The Kenya Private Sector Alliance (KEPSA) today presented the Private Sector Economic Manifesto for Nairobi County to the Kenya Kwanza Alliance candidate for Governor, Hon. Johnson Sakaja.
The Manifesto seeks to make Nairobi a livable city and emphasizes eight thematic areas where the private sector wants to see a change in how the capital city is governed including e-government compliance and
enforcement, healthcare, competitiveness, and job creation as well as culture and social inclusion.
According to Carole Kariuki, KEPSA Chief Executive Officer (CEO), priority interventions include a working and sustainable urban mobility and transport system, an integrated urban land use plan, water, wastewater, and solid waste management, including robust security and disaster risk management agenda for the city.

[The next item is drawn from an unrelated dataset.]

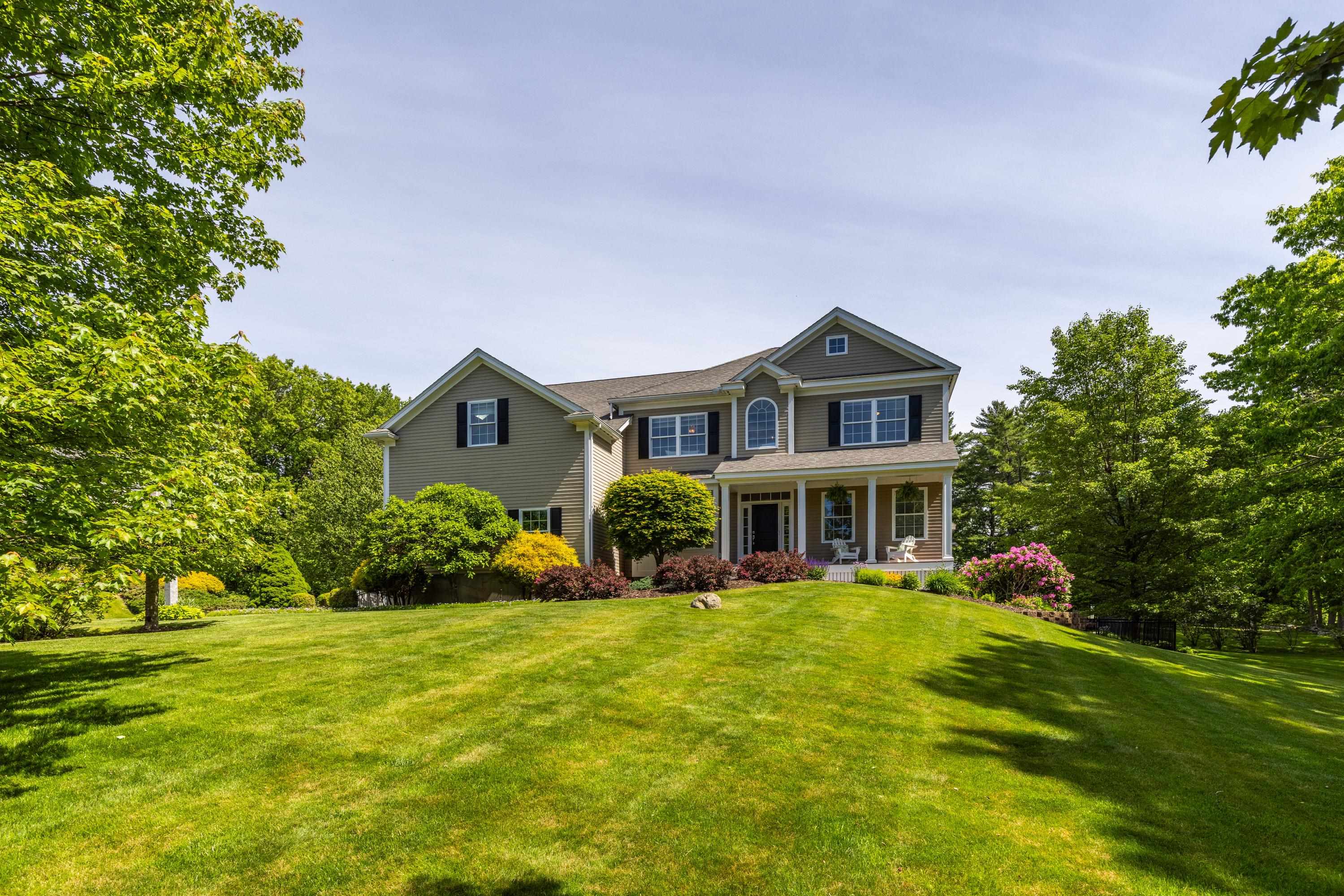 8 Heron Way Stratham, NH 03885 - Photo 1 of 52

“The vision of the private sector economic manifesto is to make Nairobi a livable city, and which requires among other interventions, an integrated planning approach to the provision of public goods such as
infrastructure and services based on economic competitiveness, environmentally sustainable growth, social and financial inclusion as well as resilience and safety,” she said.
In the meeting, – part of ongoing engagements between KEPSA and the Presidential and Gubernatorial candidates to incorporate private-sector economic agenda into their manifestos – KEPSA tasked the
outgoing Nairobi Senator to make Nairobi a competitive, green, inclusive, resilient, and safe city to live in, work, and do business, if he is elected on August 9, 2022.
In making the city great for business, work, and leisure, KEPSA now wants the Nairobi County government to embrace technology and innovative solutions to usher in a world-class mobility and transport system
with proper management of traffic and congestion in the city.
“It is quite sad that we don’t have a working public transport system while our neighboring cities like Dar es Sa·laam, Kigali, and Addis Ababa have built Bus Rapid Transit systems. We need to ensure a working
BRT where all other matatus and buses feed into various locations to bring order into the city and make it attractive for investors and safe to do business in, walk and promote tourism within the city,” explained
Kariuki.
For a water-scarce city, Kariuki urged the incoming county government to develop an integrated system to manage water supply and particularly have a plan to increase water sufficiency, harvesting, and recycling and adopt smart waste management systems for Nairobi saying that only 45 percent of the 2,400 tons of daily solid waste in the city was being recycled.